- [About this exercise] In this exercise, retype exactly and only the lines from the top of the entries below through the line that holds "Best Wallet recensioni: homepage", omitting pictures.

- [Captioned web images]
---------------
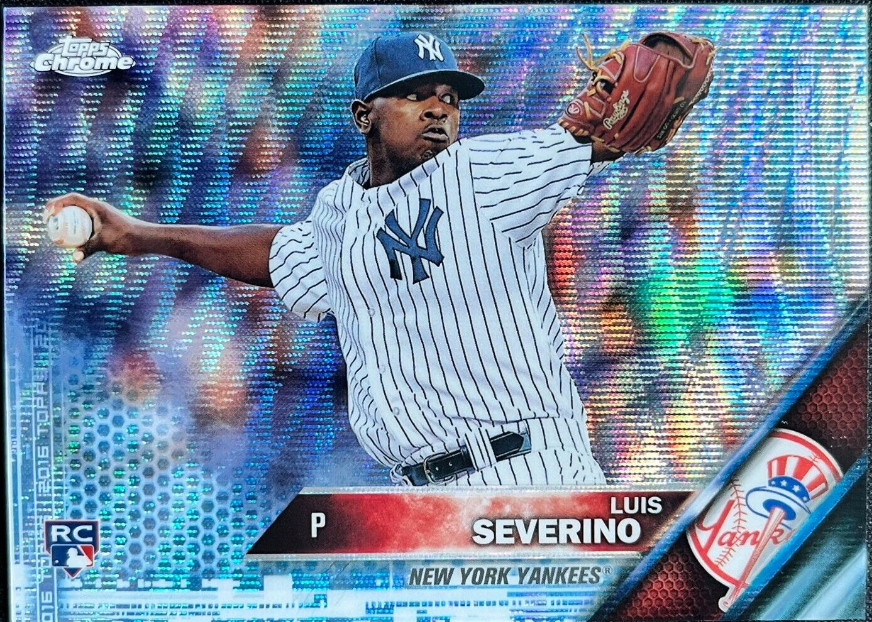 2016 Topps Chrome Luis Severino Rookie Autograph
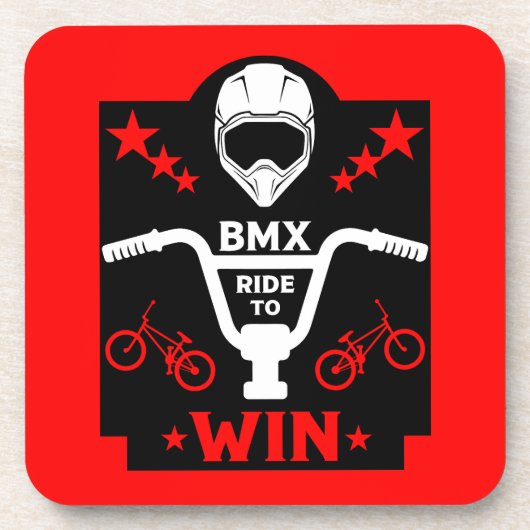 BMX Bikers Freestyle Bier Onderzetter (Voorkant)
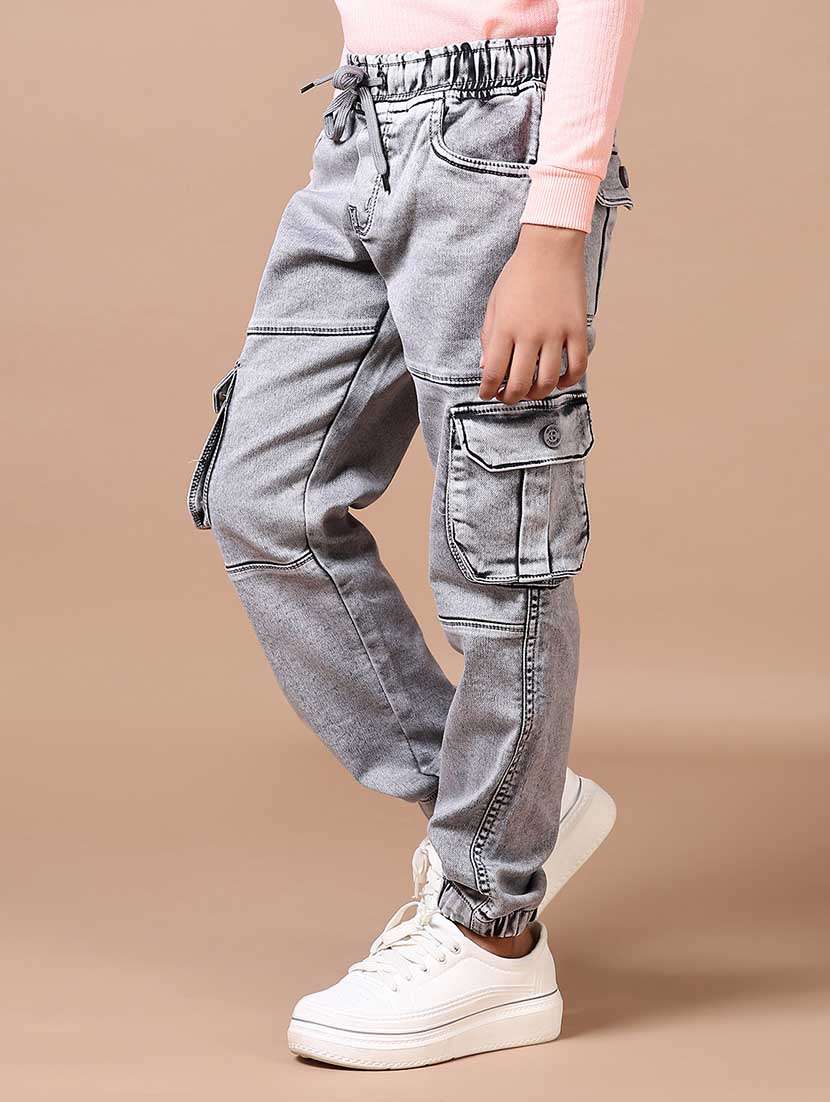 boys solid mid rise cargo  - 21636972 -  Standard Image - 2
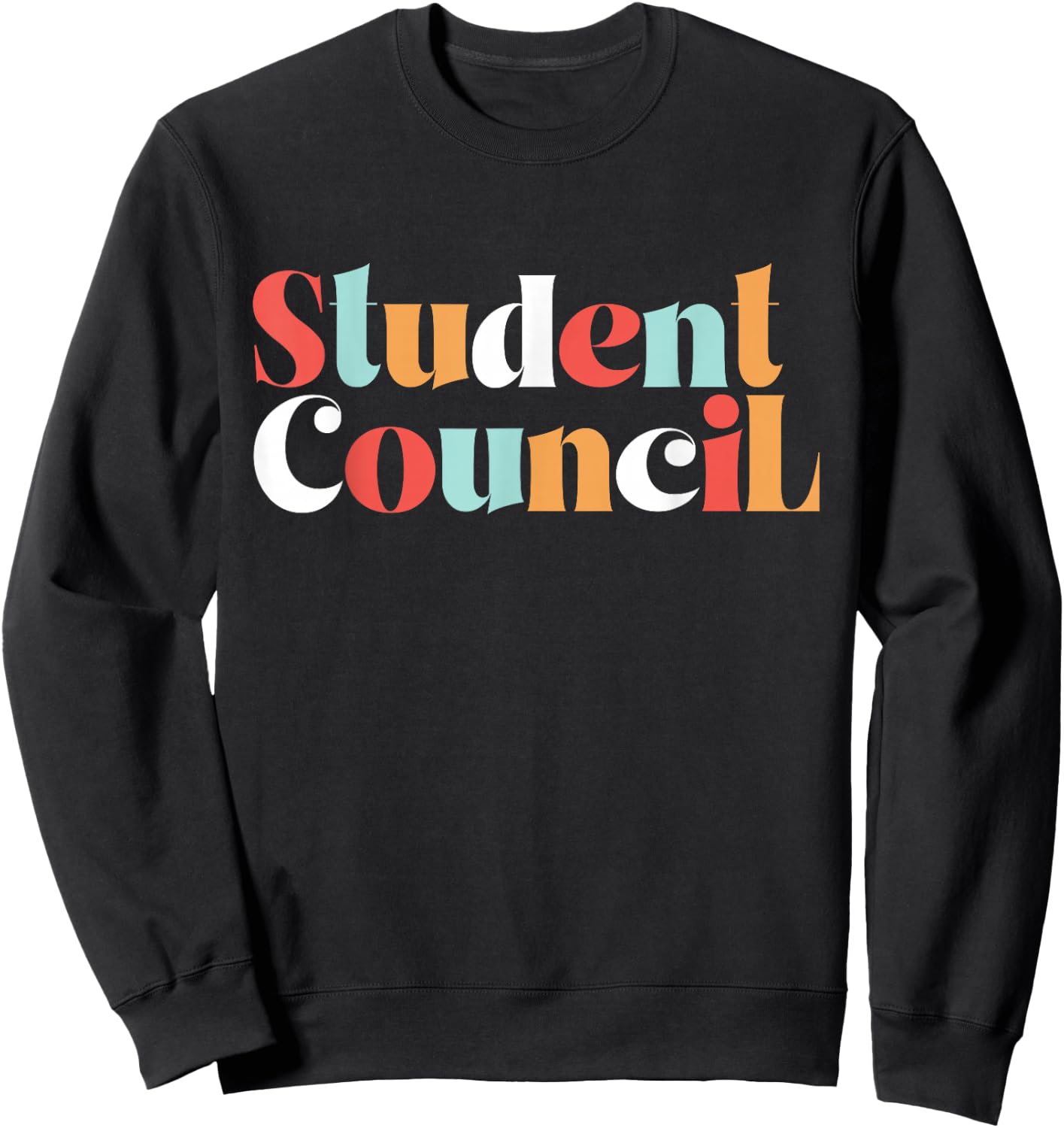 Student Council Groovy World Student Day Men Women Kids Sweatshirt - Sweatshirt | Black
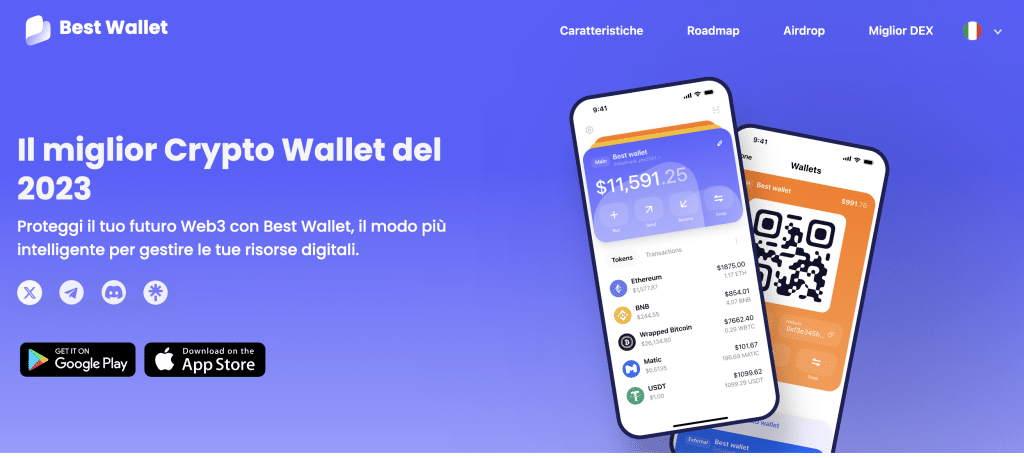 Best Wallet recensioni: homepage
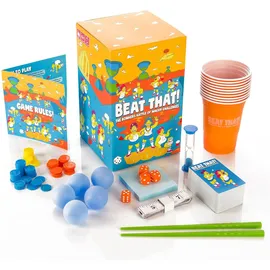 Gutter Games Beat That! - The Bonkers Battle of Wacky Challenges [Family Party Game for Kids & Adults, English]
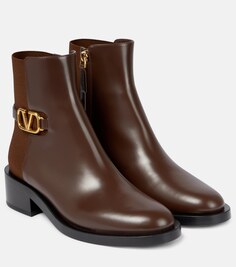 Ботинки челси со вставками и логотипом VLogo Valentino Garavani, коричневый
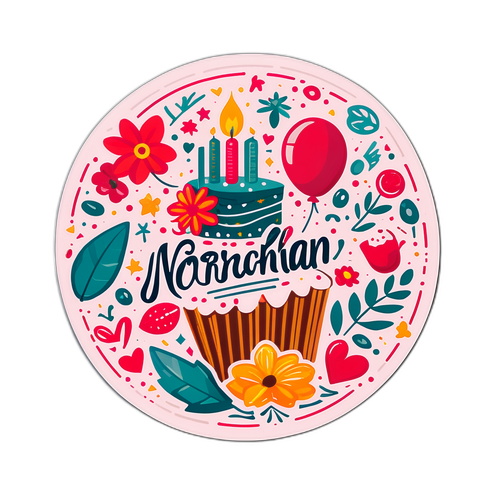 노르샬란의 특별한 날을 축하하는 스티커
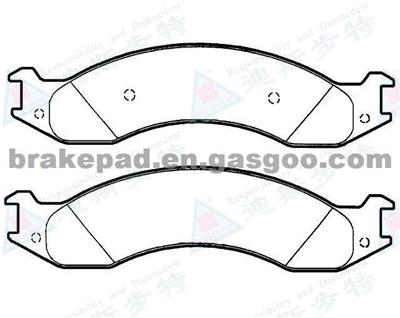 Less Metal Brake Pad For D557 F2UZ-2001-A FORD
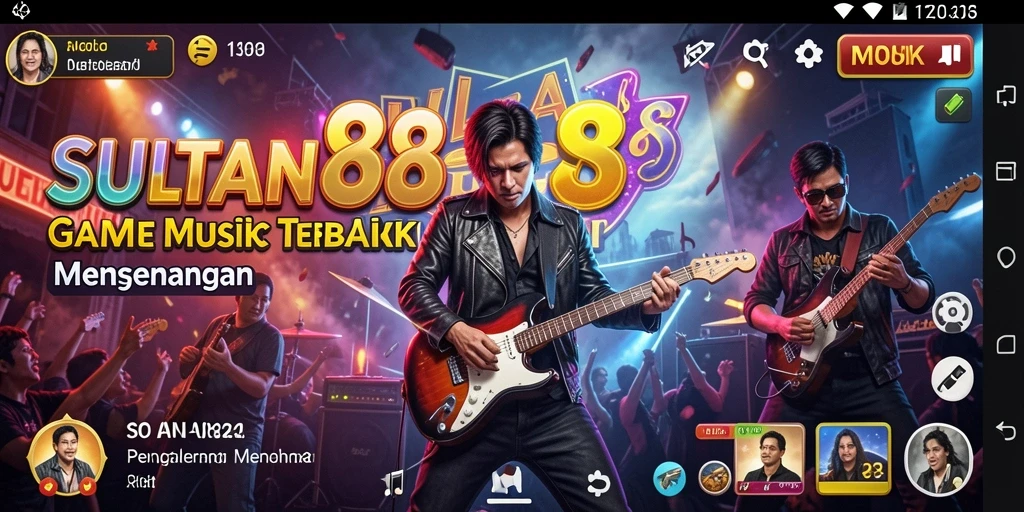 Tampilan gameplay SULTAN88 dengan interaksi musik yang seru.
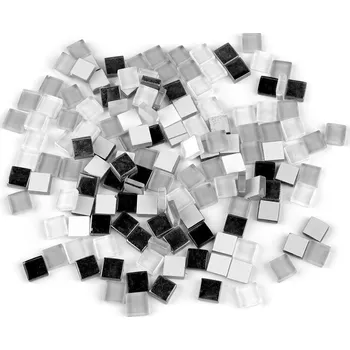 Mozaikové kamínky skleněné 500 g, barva 5 šedá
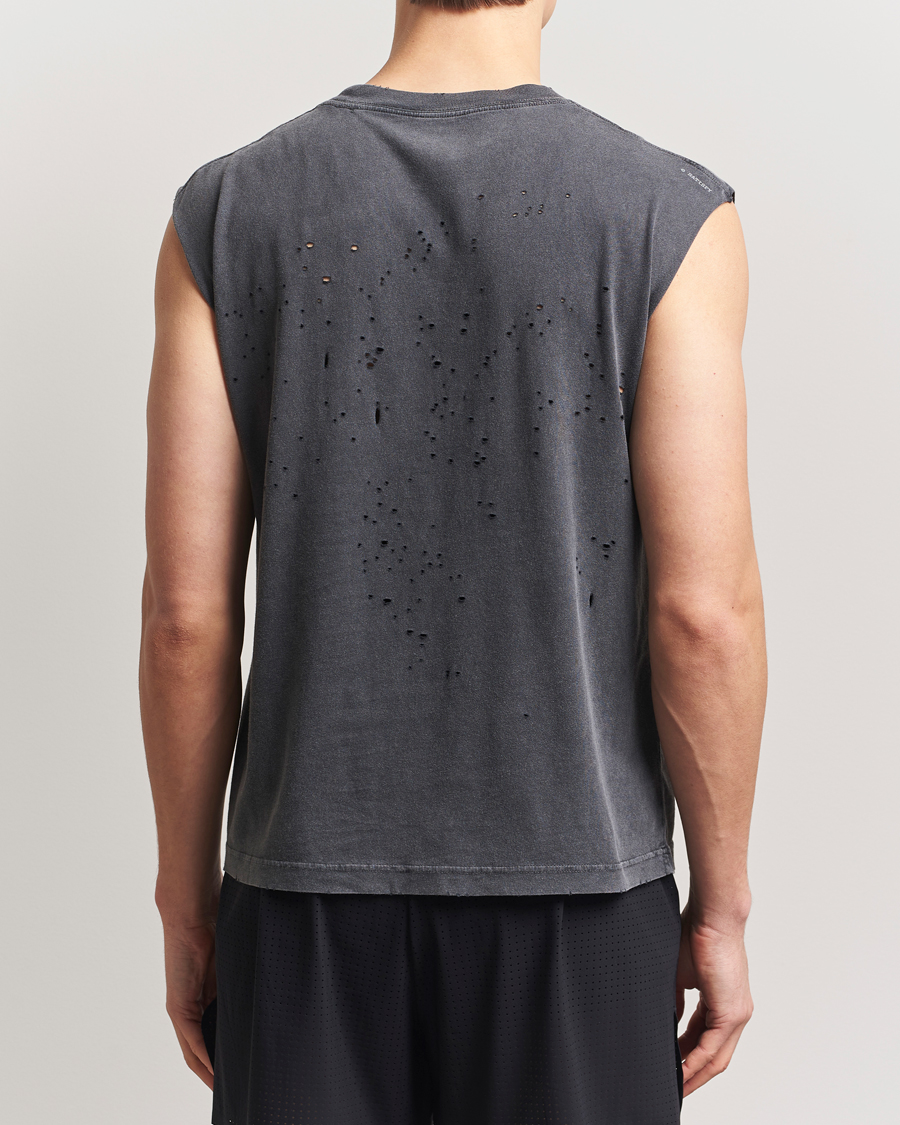 Mies | T-paidat | Satisfy | MothTech Muscle Tee Aged Black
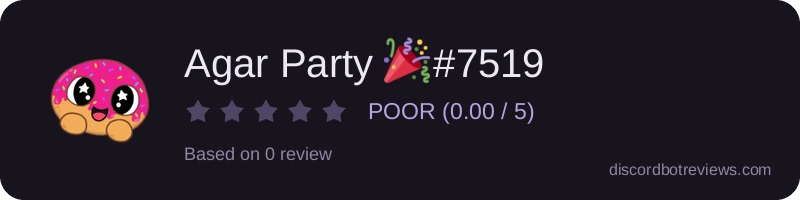 Rating widget preview for Agar Party 🎉#7519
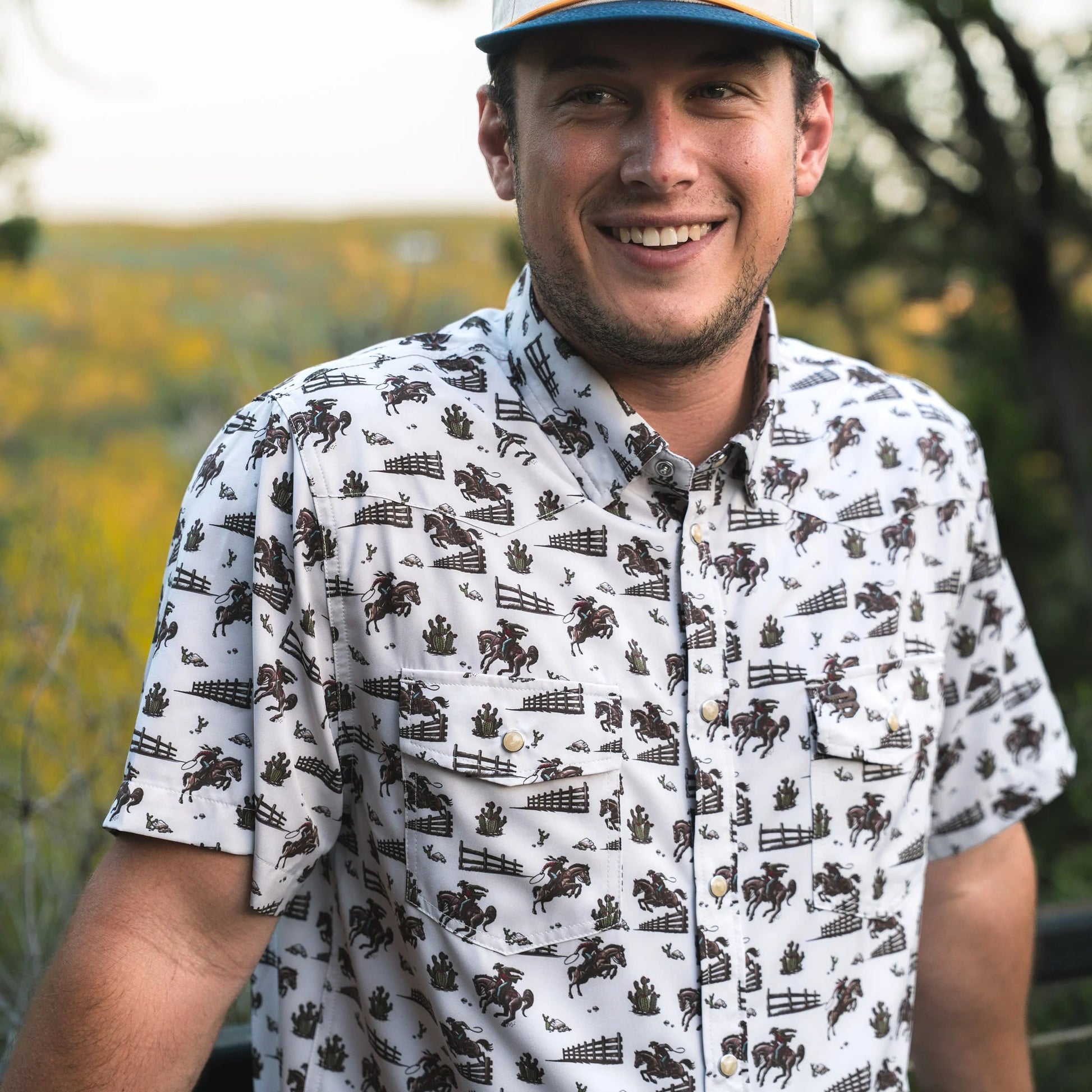 Burlebo Cowboy Country Performance Western Shirt - Southern Soule Designs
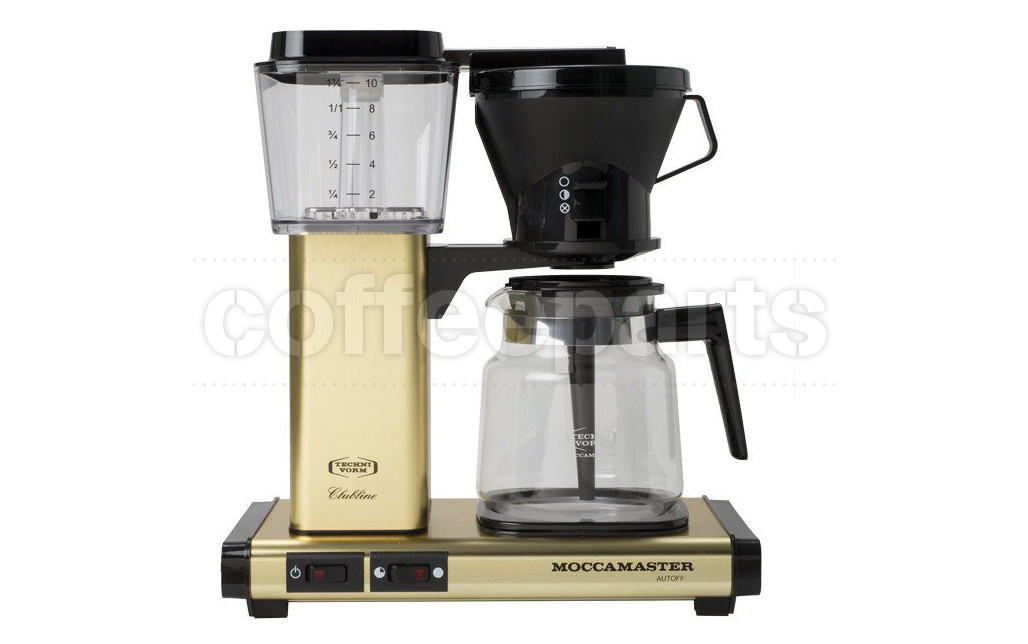 Moccamaster 1.25lt Classic Brass Filter Coffee Machine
---------------
- [Reply]
 2016 Topps Chrome Luis Severino Rookie Autograph
 BMX Bikers Freestyle Bier Onderzetter (Voorkant)
 boys solid mid rise cargo  - 21636972 -  Standard Image - 2
 Student Council Groovy World Student Day Men Women Kids Sweatshirt - Sweatshirt | Black
 Best Wallet recensioni: homepage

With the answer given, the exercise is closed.